When Gloucester returned from France he accused his uncle of trying to usurp his position, and in October 1425 the two men confronted each other on London Bridge, Beaufort with some of his armed retainers and Gloucester with a posse of armed men drawn from the city and the inns of court. Intermediaries prevented the spilling of blood, but Gloucester claimed a victory, which was why he ostentatiously rode through the streets of London days later with his nephew. Bedford did his best to resolve the family feud, and it was he who brought Henry, at the age of four, to Leicester in February 1426, to preside over the opening of parliament.
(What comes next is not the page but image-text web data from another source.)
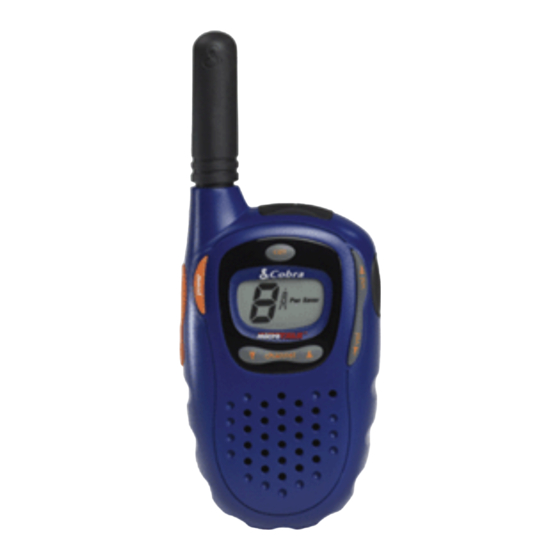 Cobra microTALK MT-500 Manual Del Usuario
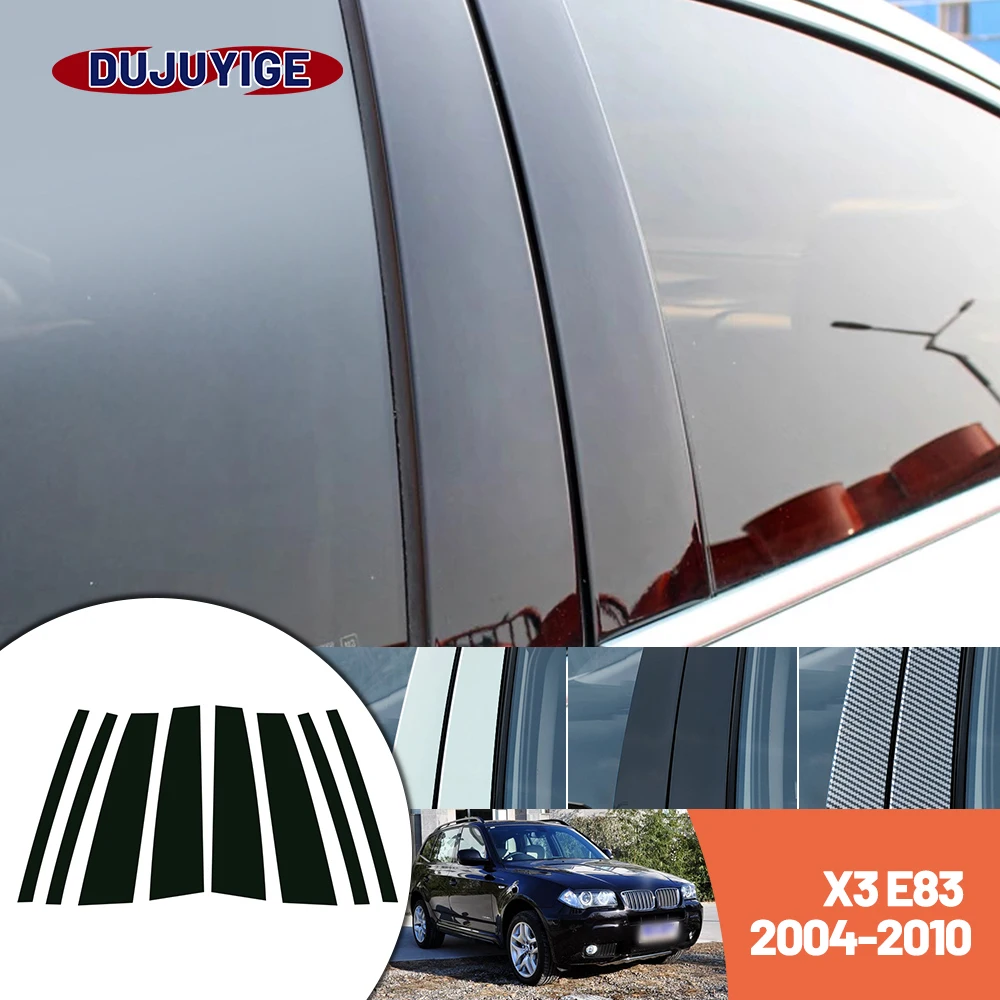 Bright black carbon fiber door and window B C Pillar sticker suitable For BMW X3 E83 2004-2010 2005 2006 2007 2008 2009
Bright black carbon fiber door and window B C Pillar sticker suitable For BMW X3 E83 2004-2010 2005 2006 2007 2008 2009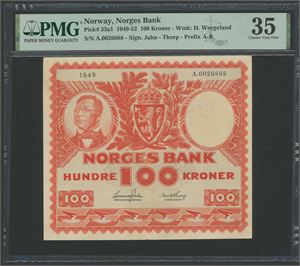 100 kroner 1949. A.0026888.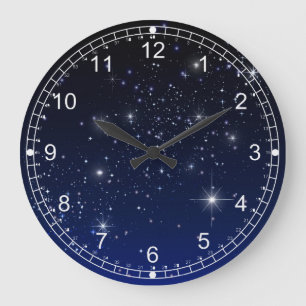 GRANDE HORLOGE RONDE CIEL DE NUIT
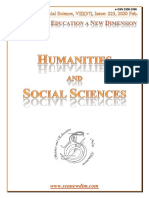 SCIENCE and EDUCATION A NEW DIMENSION HUMANITIES and SOCIAL SCIENCE Issue 223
In France there was political stalemate. The English and
their Burgundian allies controlled the country north of the Loire, while the dauphin, now recognized by his followers as Charles VII, ruled south of the Loire. Neither rival king had been crowned at Rheims, which lay within the English sphere of influence, and so was not recognized as the divinely consecrated monarch. Military action had not changed the situation since Henry V’s death when, in 1428, Bedford laid siege to Orleans. That was when one of the most remarkable events in history occurred. A 17-year-old peasant girl from a village in eastern France gained an audience with Charles at Chinon and convinced him that she had been selected by God to lead his armies to victory against the English. Joan of Arc had an aura about her that inspired Charles and his nobles to believe that she really did hear angelic voices and might be the saviour of the nation. She was provided with a horse and armour and accompanied an army sent to raise the siege. The siege of Orleans was successfully raised, and, emboldened by this victory, Charles broke through English lines to travel to Rheims, where he was crowned on 17 July 1429.